**Data extract**.
■ ■ ■
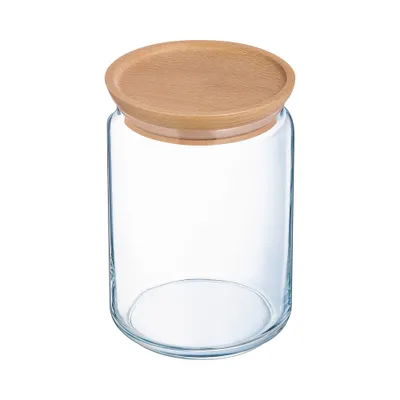 Produktbild von Pure Jar Vorratsglas 1l + Holzdeckel - Luminarc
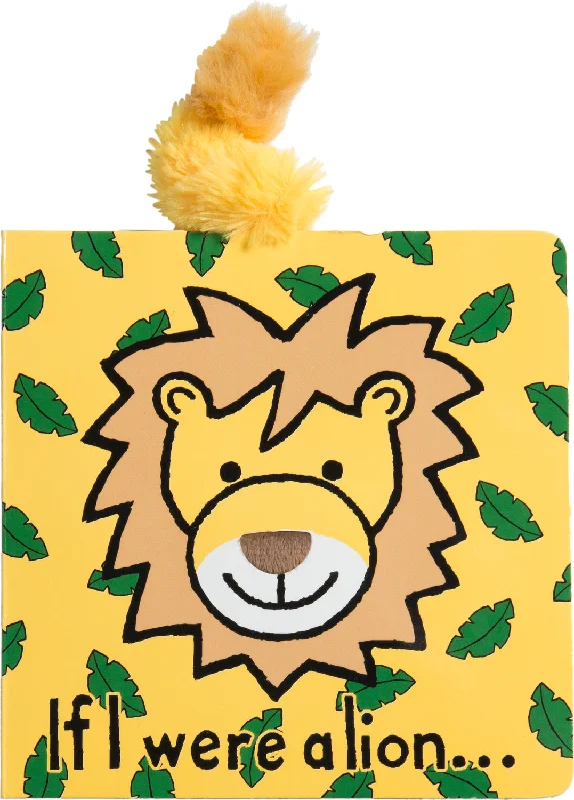 Fluffy and comforting Jellycat superior materialsIf I were a Lion Book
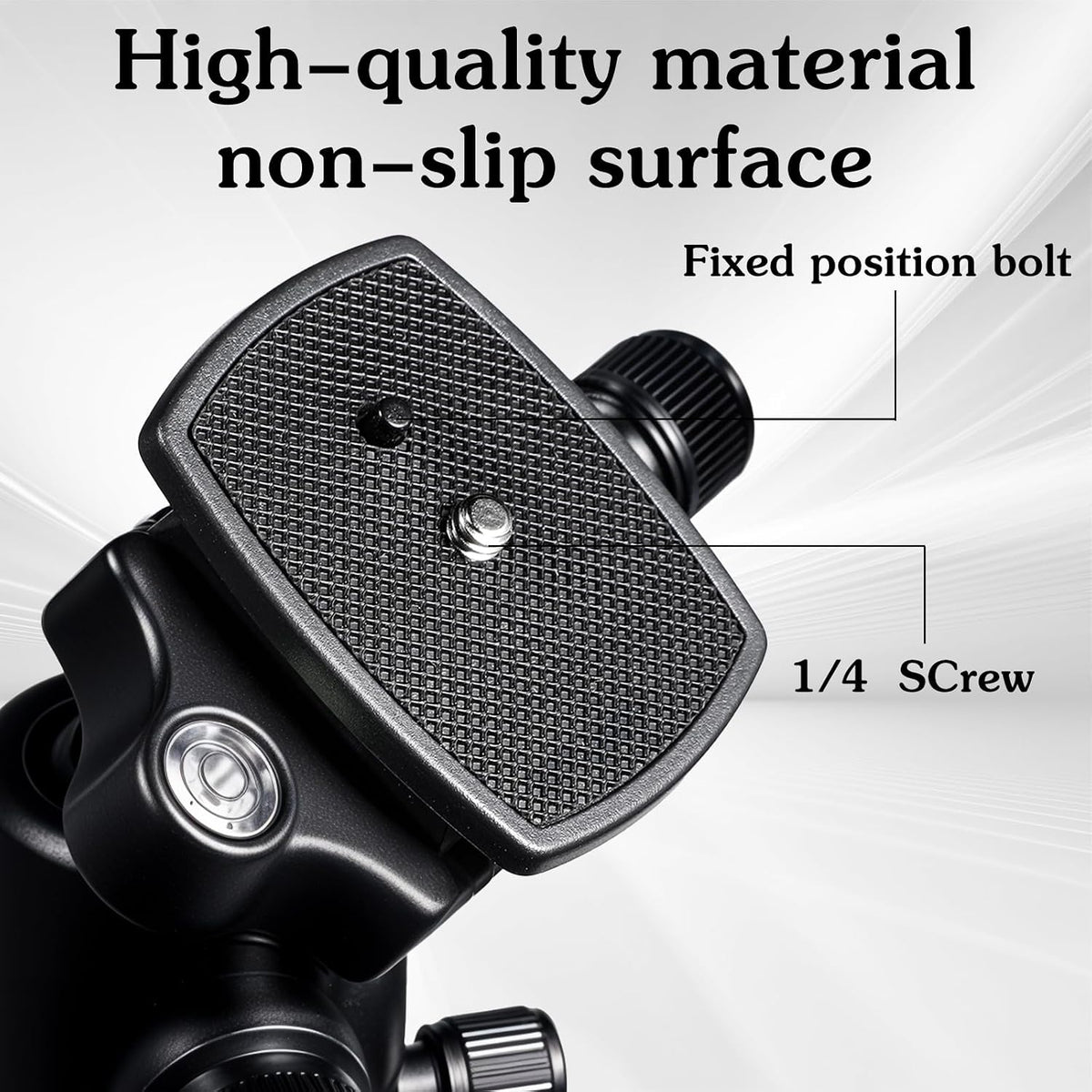 Xinjoduz 2 Pack Quick Release Plate for Tripod Universal Camera Mount Adapter Replacement with Stainless Steel ABS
■ ■ ■
**Your assignment**. Give back the listing exactly, without a single picture.

**Task output**.
 Produktbild von Pure Jar Vorratsglas 1l + Holzdeckel - Luminarc
 Fluffy and comforting Jellycat superior materialsIf I were a Lion Book
 Xinjoduz 2 Pack Quick Release Plate for Tripod Universal Camera Mount Adapter Replacement with Stainless Steel ABS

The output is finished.